That's how Allan Holdsworth describes Jimmy Johnson: "I can't think of anybody else on the planet I'd rather have play bass, because of the way he thinks and feels about the instrument. The way he defines the role in this band, and in anything I've ever heard him do, is just awesome. It's the function of the bass taken to the maximum, and I just love it. What else can I say?" What else indeed..?
Born in Minneapolis USA Jimmy Johnson has been a professional musician since 1969. He comes from a strong musical background, his father being a bass player in the Minnesota
Orchestra while his mother teaches piano. Although he started playing bass around the age of eleven - when his mother would sometimes write notes to his school Principal so he could get out to do sessions - his first instrument was the piano. He then studied clarinet, as he says "legit", and although he never actually 'studied' on bass guitar he feels his clarinet lessons rubbed off. Jimmy says: '1 think linearly because of my clarinet training - that's a melody instrument if ever there was one - and I think a lot of that transferred over. I'm not really trained enough to know which scales are supposed to fit where. People say: "'Well, you're playing a half demolished something or other scale there' and I say: 'Really?' Rut it's just by ear - I'm just trying to play melodies that hold together".
Among his influences over the years Jimmy lists Stanley Clarke and Jaco at the top, although he's a fan of many bass players. He doesn't however regard himself as modelled on any one musician, though he freely admits to learning Stanley Clarke licks in the early days, but that 'went by the wayside' when Jaco came along...
At the end of 1978 Jimmy moved out to L.A. Working freelance, he became one of the first bassists to start playing with an extra string - a discovery he credits to his father's symphony bass experience.
He teamed up with Allan Holdsworth in 1985. It was an invitation to a rehearsal which led to him becoming a major element on Allan's album of that year, 'Metal Fatigue', and Jimmy has featured on all subsequent albums - 'Atavachron' (1986) 'Sand' (1987) and 'Secrets' (1989). In the touring spaces where he's not or recording with Holdsworth, Jimmy fills his time in other ways: "I'm not really a worker bee in L.A. - I do records, jingles and some film and TV stuff - but working with Allan is the total opposite of that; it's just get out there and blow'.
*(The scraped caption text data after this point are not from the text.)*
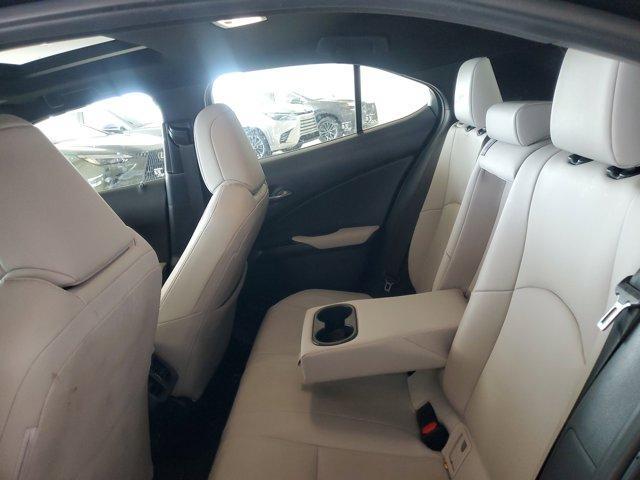 used 2023 Lexus UX 250h car, priced at $29,990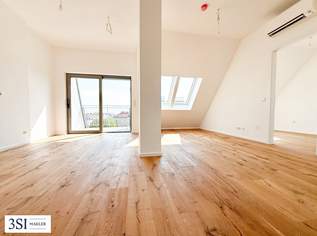 Skyview Living - einzigartige Dachgeschosswohnungen mit hochwertiger Ausstattung, 452000 €, Immobilien-Wohnungen in 1160 Ottakring Skyview Living - einzigartige Dachgeschosswohnungen mit hochwertiger Ausstattung, 452000 €, Immobilien-Wohnungen in 1160 Ottakring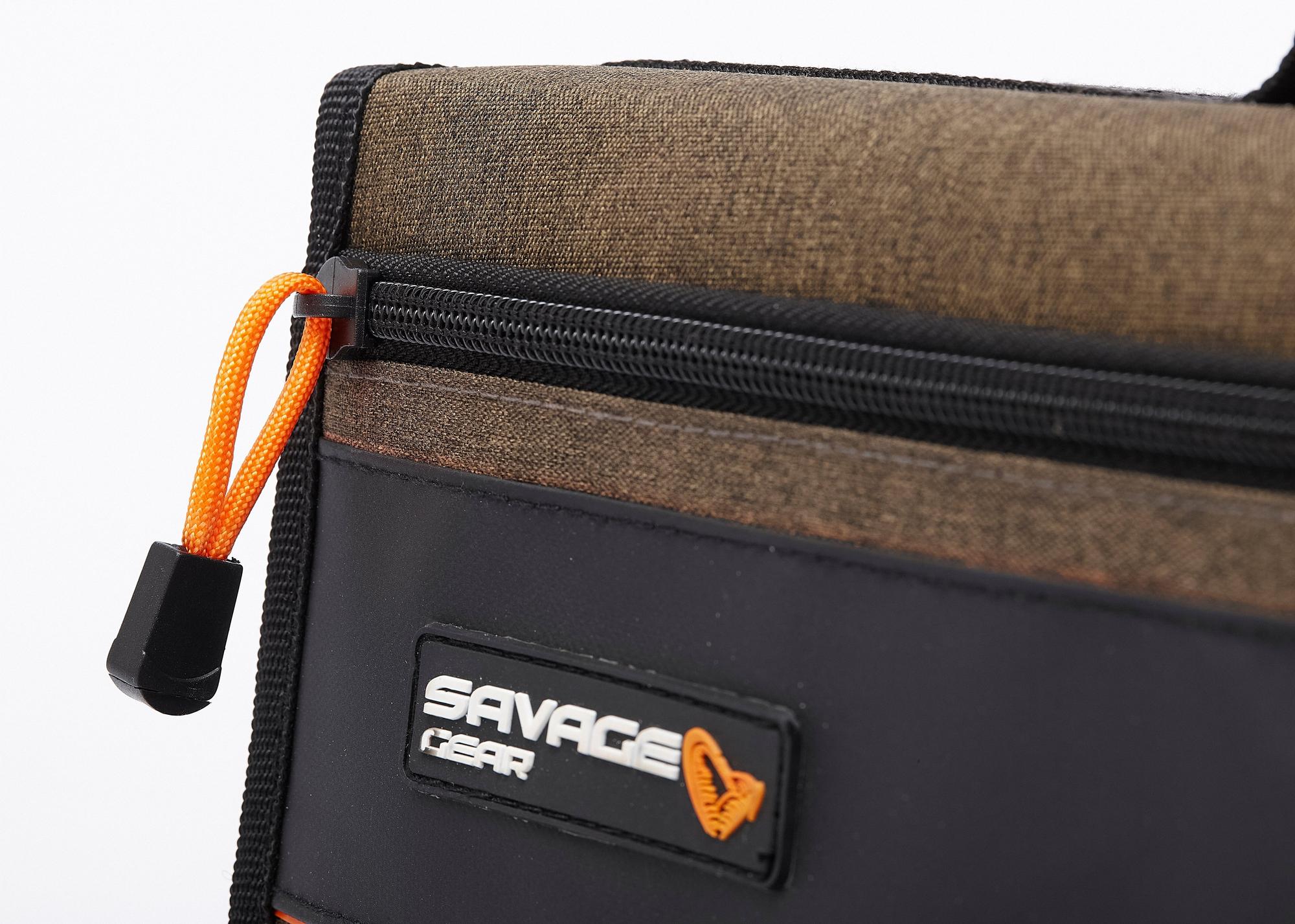 Savage Gear Flip Rig Bag M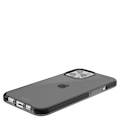 Miniatyrbild 4 av 4: holdit iPhone 15 Pro Max Mobilskal Seethru Svart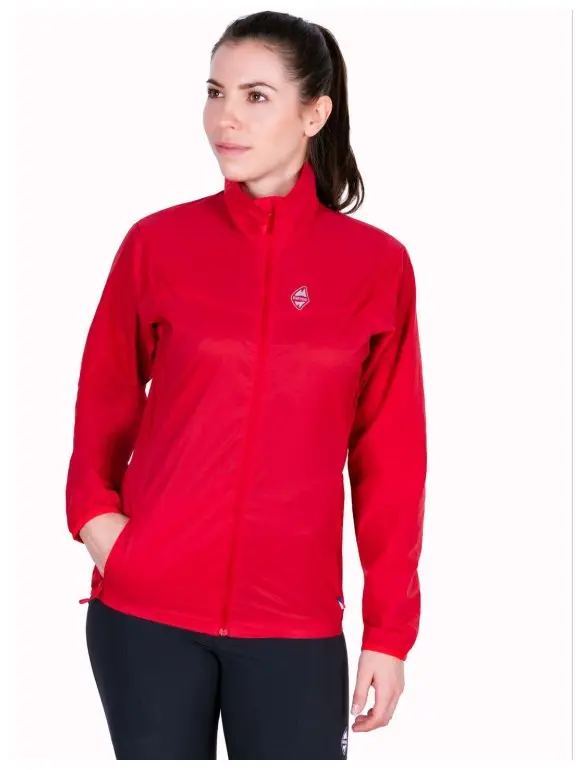 Trail Pertex Lady Jacket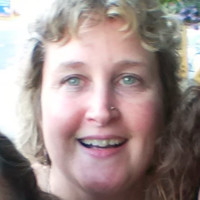 Paula Benson
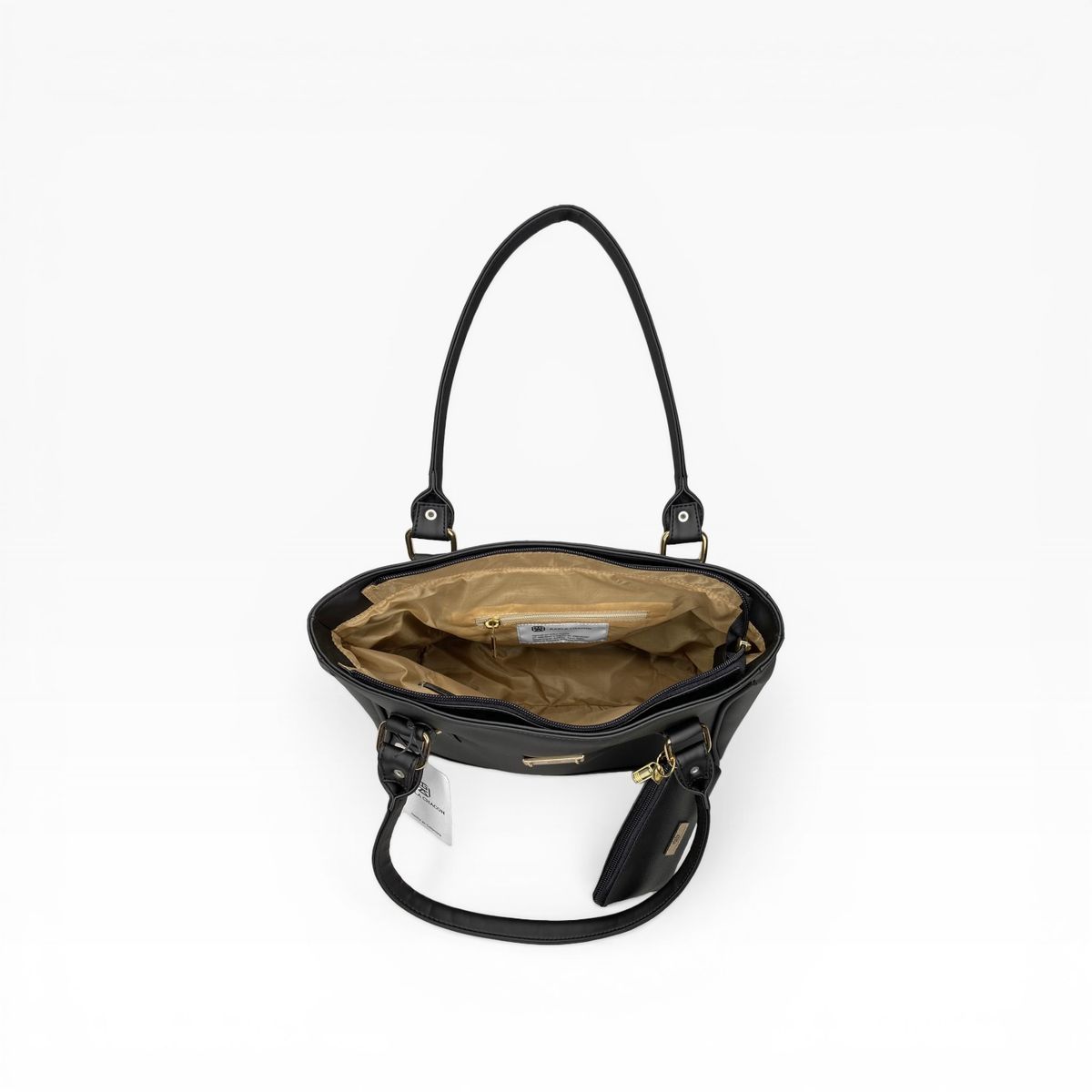 KARLA CHACON - Bolso Dama Cartera Mujer Karla Chacon Crez
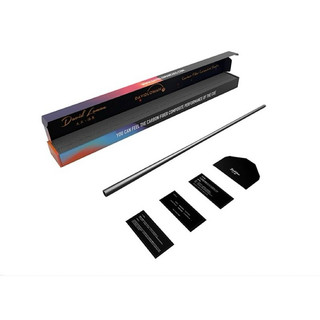  Ngọn Carbon David Loman Chính Hãng. Thế hệ 3   Đủ loại ren   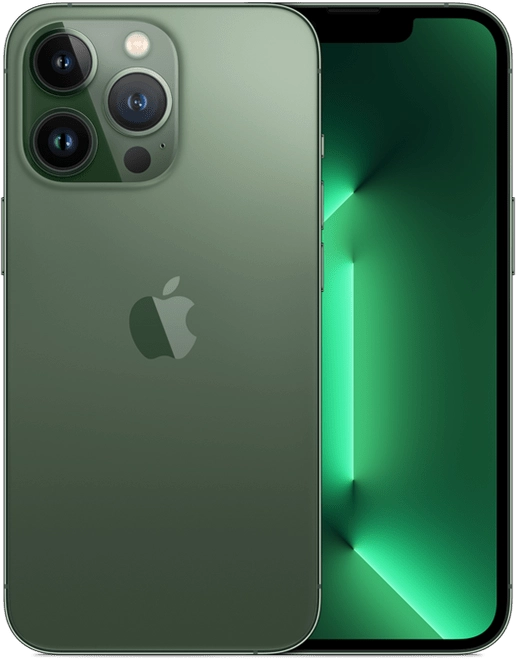 iPhone 13 Pro 128GB Green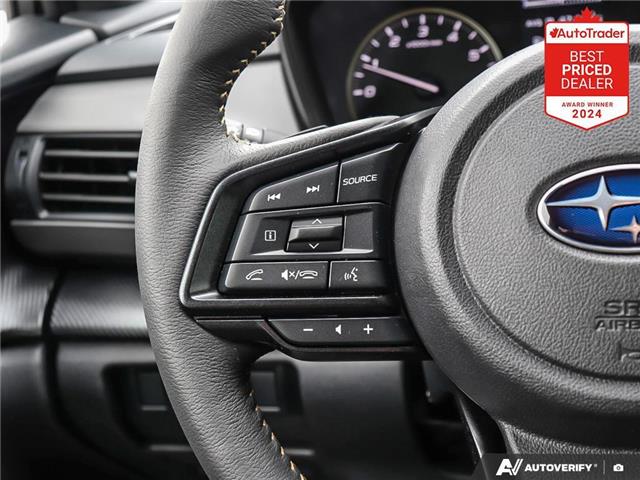 2026 Subaru Crosstrek Onyx (Stk: S12079) in Hamilton - Image 21 of 30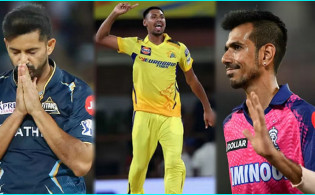 ৪ উইকেট নিয়ে পার্পস ক্যাপের হিসাব পাল্টে দিলেন আর্শদীপ, এখন মুস্তাফিজের অবস্থান যেখানে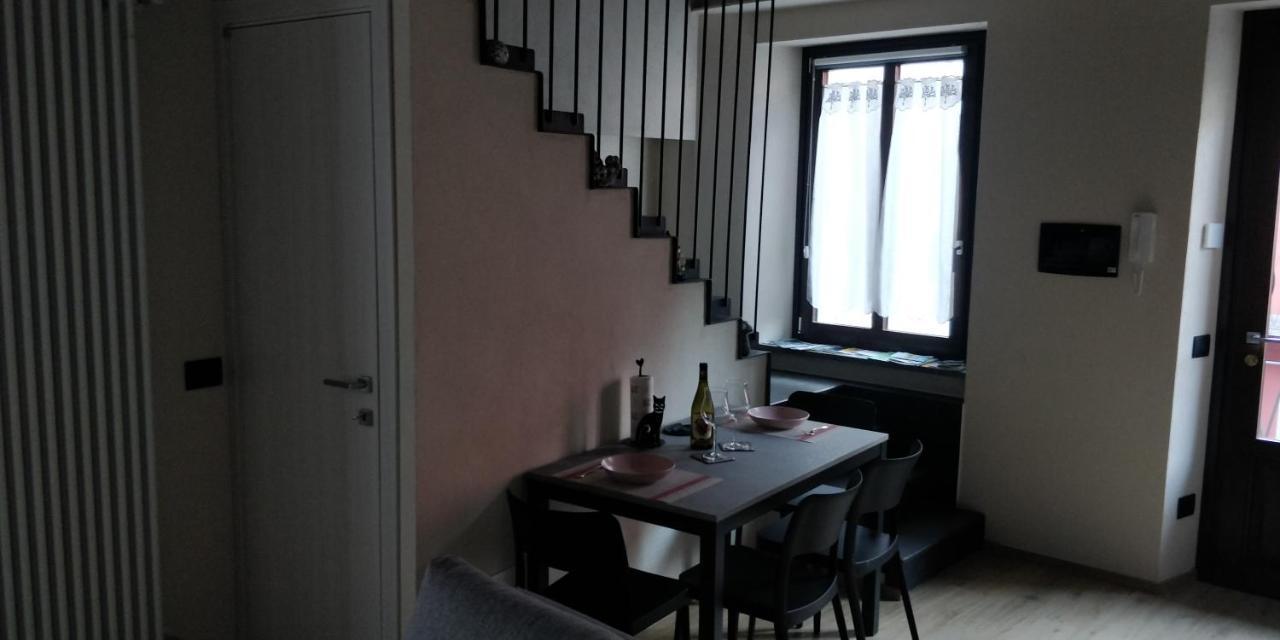Maison Branche - Vda Cir 0299 Аоста Екстер'єр фото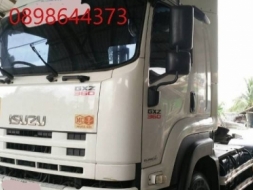 ขายหัวลาก ISUZU. DEGA 360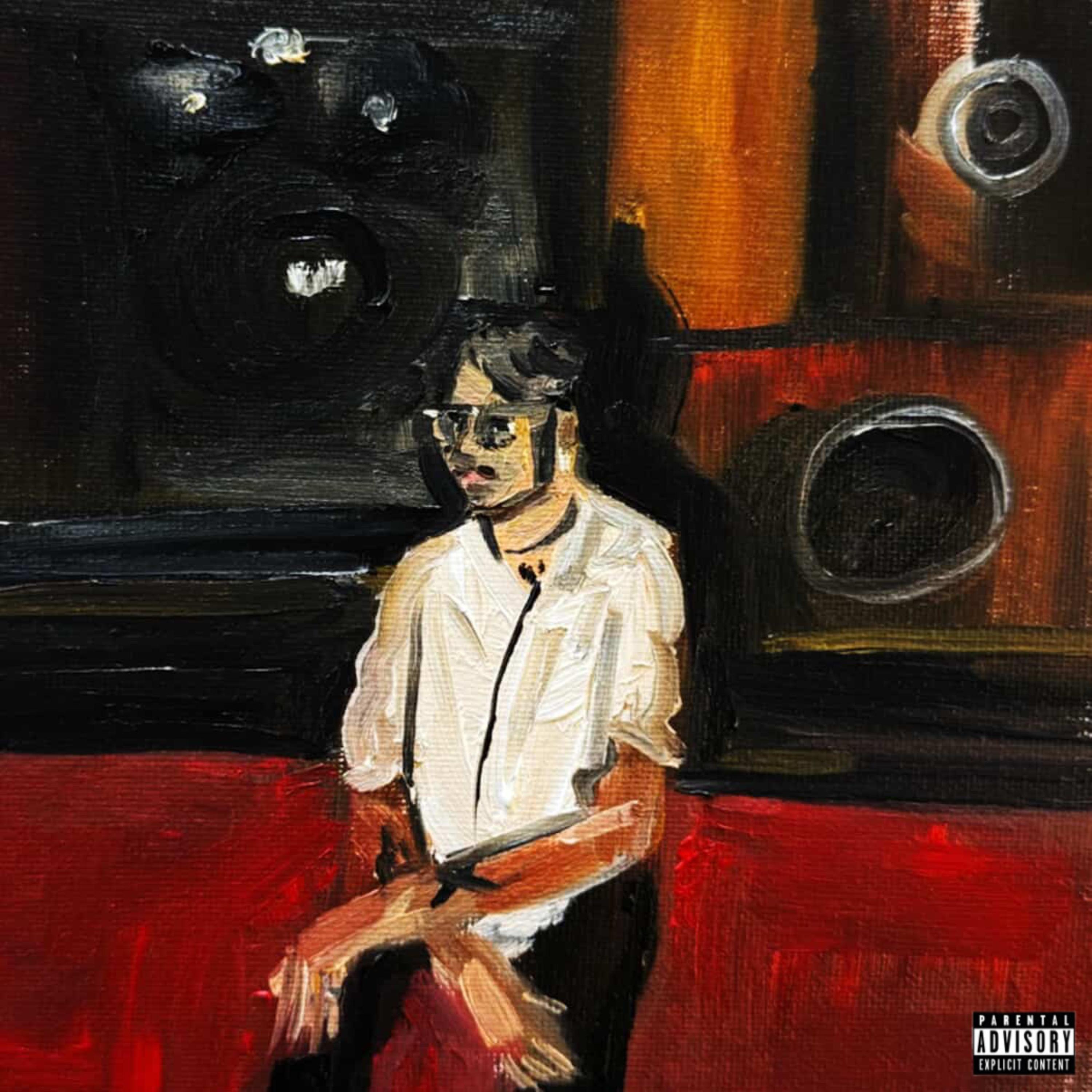 NEED YOU NOW artwork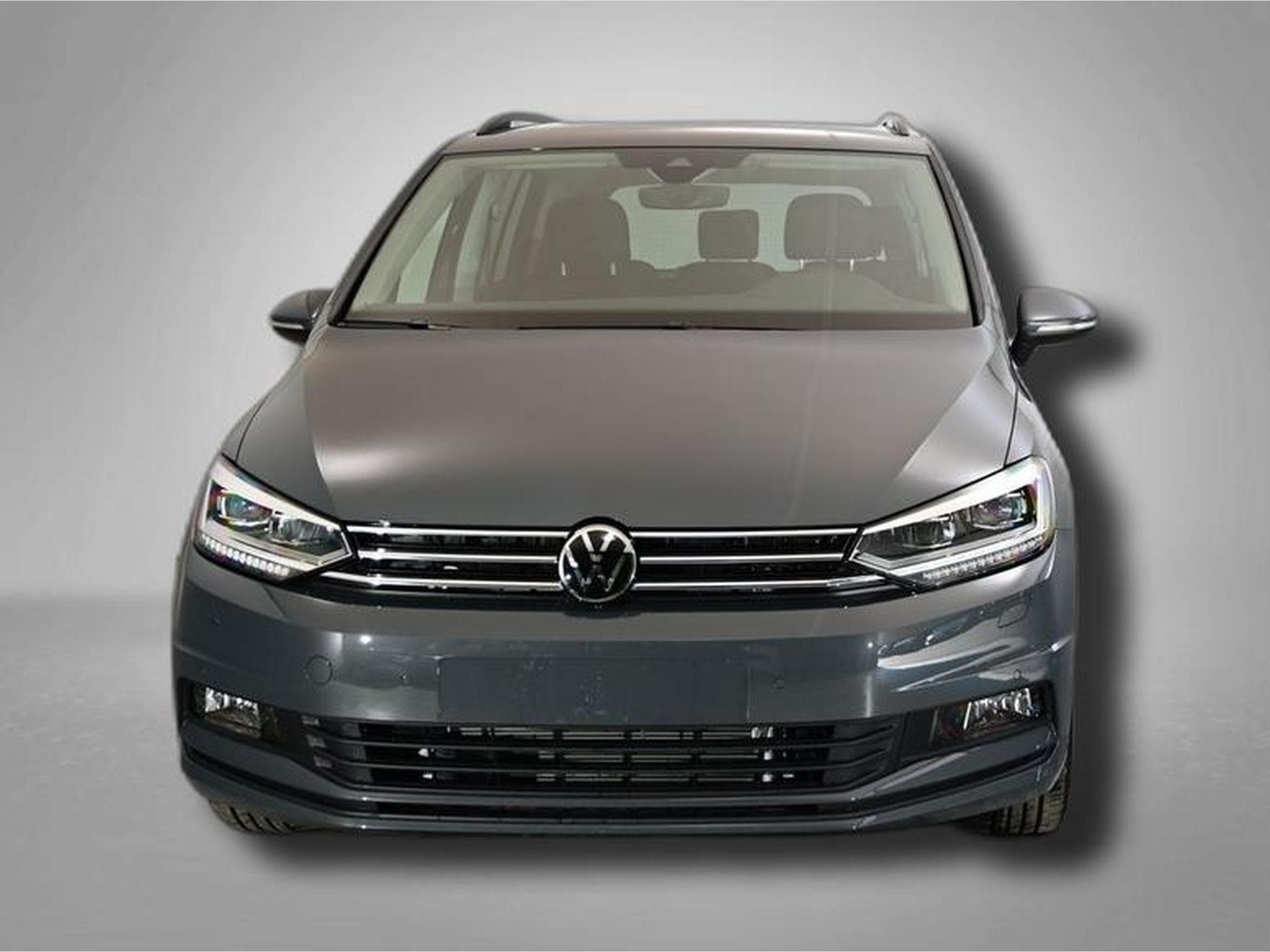 VW Touran Life Plus 1.5 TSI 7-Gang-DSG (2026) - Foto 8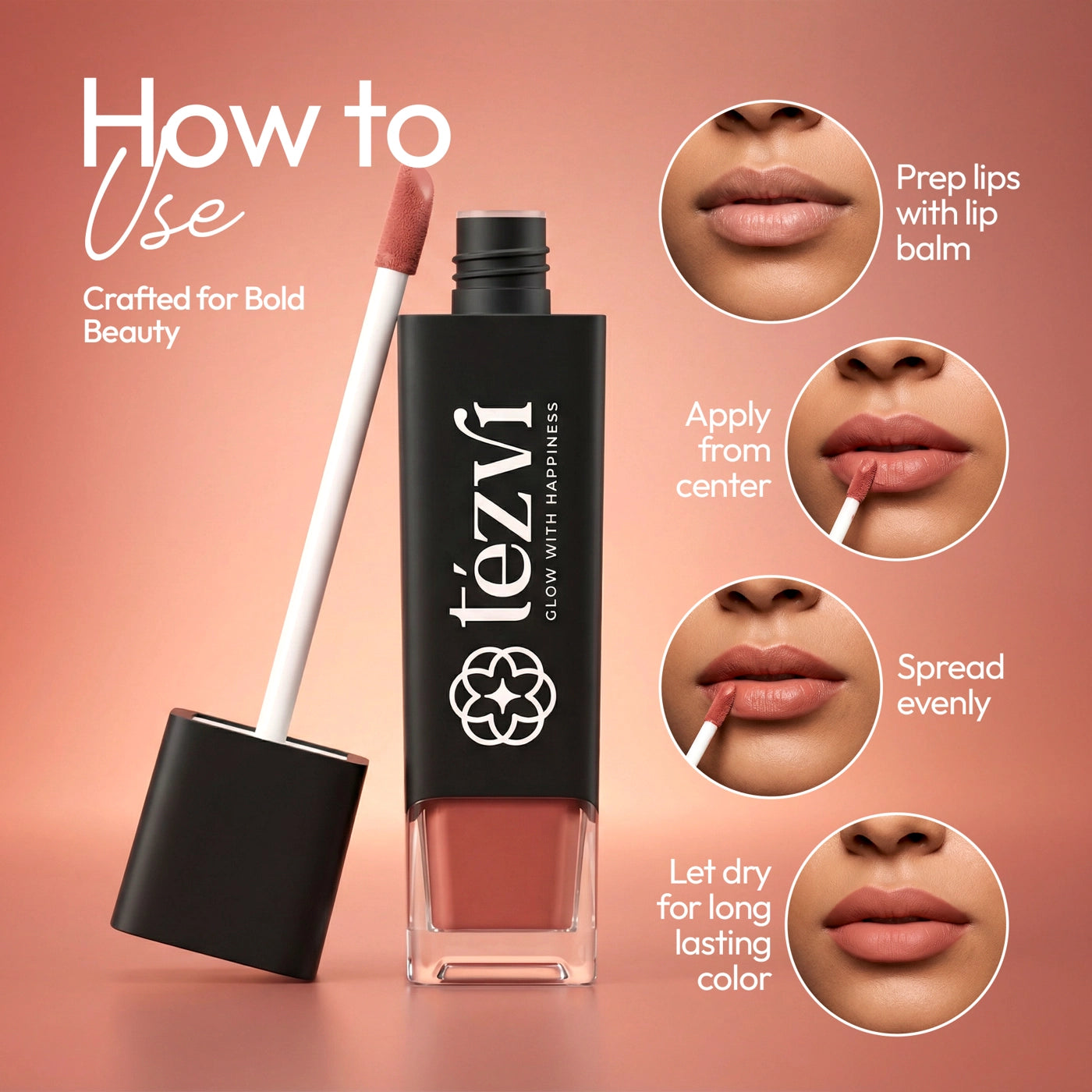 Sunlit Liquid Lipstick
As well as being a major player on the L.A. session scene, Johnson balances his time between that, working with Allan and with his hometown band, Flim and the BB's. Flim and the BB's started off as a kind of studio rhythm section, which eventually got involved in playing for the early development of digital recording, and led to the release of compact disc albums including 'Tricycle' (1983 ), 'Neon' (1987) and 'The Further Adventures of Flim and the BB's' (1988). Talking about his direct to disc projects, Jimmy in an interview with American magazine Guitar World in May 89 said:
"It's nice melodic music - not very dark". He then goes on to admit to overdubbing a part of a particular track when the sleeve notes state, 'We don't overdub, we don't remix, etc etc.'
This tour is Jimmy's third visit to Europe. His previous visits included playing festivals with Lee Ritenour, who's albums, 'Harlequin' (1985) 'Earth Run' (1986) and 'Color Rit' (1989) Jimmy can add to his very impressive list of credits. Jimmy enthuses: "I'm looking forward to this tour because I've never really seen England, and with the other guys it should be fun; you just never know what's going to happen, and that makes it interesting. It's just one of those bands. You're proud to come into a town and be playing with Allan Holdsworth; it's one of the few gigs like that and I'm really glad to be involved."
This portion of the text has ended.